Question

You are now a teacher, and you notice that many of your students are consistently making the dividing-out mistake that appears below. Some of the students even admit to knowing the method was wrong as soon as you point it out.

Create a visual (a short video or a series of images) to help your students stop making this common mistake: (x²+3x-4)/x²-2x-8 ( the x² are crossed out )
Your lesson should do the following:
a. Explain why the dividing-out method is incorrect. You may want to start with a simpler expression and work your way up to polynomials. (For example, compare fraction numerator (3(5))/3 and (3+5/)3.)
b. Explain when you can cancel a number that is in both the numerator and denominator and when you cannot cancel out numbers that appear in both the numerator and the denominator.
c. Share tricks, reminders, memory devices, or other methods to help students catch themselves before making this common mistake.
Post your video or series of images. Post answers to the following questions:
A. Why do you think the mistake shown here is such a common one?
B. Have you ever made this mistake before? What helped you stop making this mistake? What will help you stop making this mistake in the future?

Answer 1

Dividing-out mistake occurs when students attempt to cancel terms in a fraction without properly factoring the expressions. Only factors common to both numerator and denominator can be cancelled. Understanding when to apply cancellation through correct factoring and distinguishing between terms being multiplied versus added or subtracted helps avoid this mistake.

Step-by-step explanation:

The dividing-out mistake in algebra, such as incorrectly simplifying (x²+3x-4)/(x²-2x-8) by crossing out the x², arises from a misapplication of the rules of fraction simplification. Only factors that are common to the numerator and denominator can be canceled out, and only if they are in the form of multiplication, not addition or subtraction.
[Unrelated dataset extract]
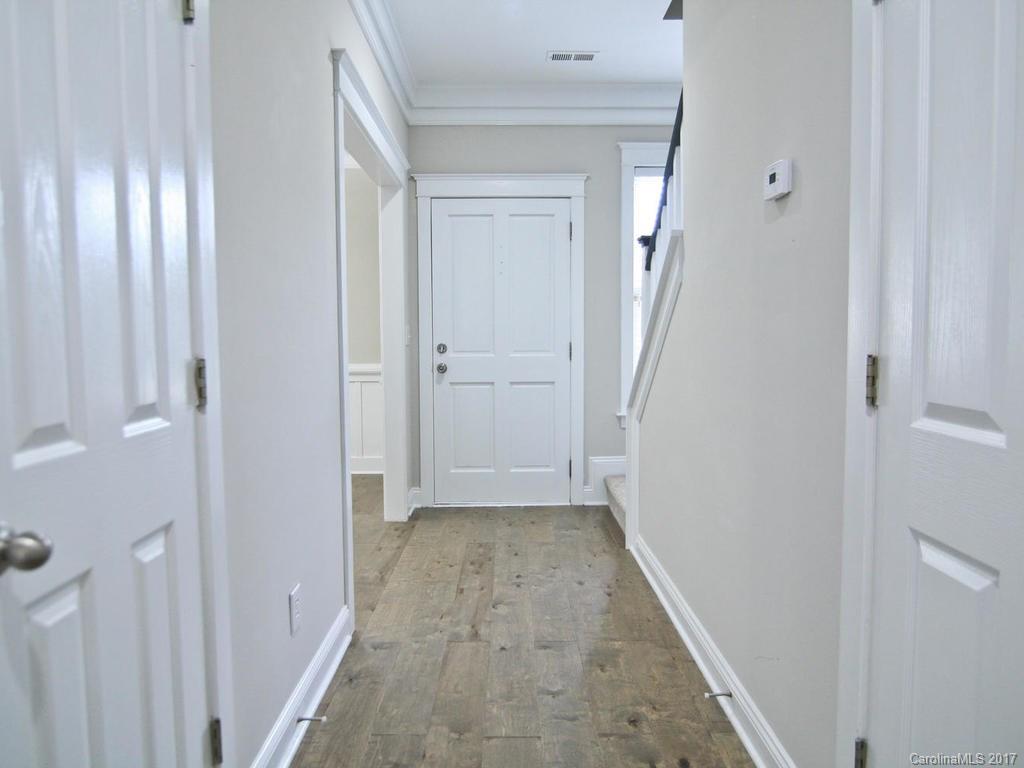 Ballantyne Meadows - Residential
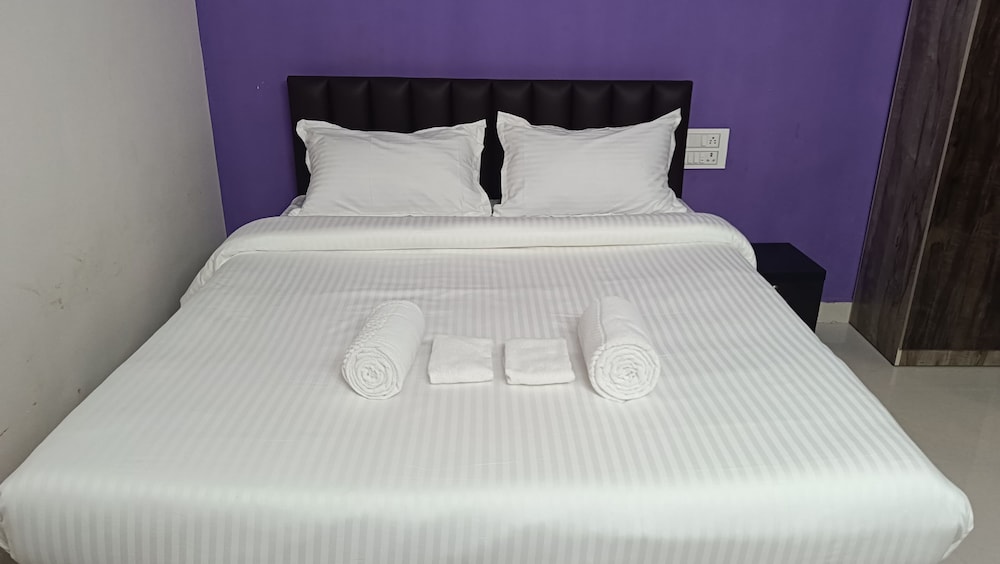 Kokan Inn in Ratnagiri, India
Simplifying fractions actually requires factoring the expressions and then reducing.

To divide fractions correctly, one must understand that you can only divide by a number or expression that is a factor of both the numerator and the denominator. For polynomials, this involves factoring each expression and then reducing common factors. Mathematically, we can simplify (3(5))/3 to 5 because 3 is a factor of the numerator, but (3+5)/3 cannot be simplified by dividing out the 3 since it is not a factor of the entire numerator.

To avoid making this mistake, students should remember:

• Always factor polynomials before attempting to cancel anything.
• Understand that cancellation is only valid for multiplication, not addition or subtraction.
• Use the distributive property to check for common factors.

Cancellation errors are common because it's an easy shortcut to take when you see similar terms in the numerator and denominator. However, this shortcut is only valid when the terms are being multiplied, not added or subtracted.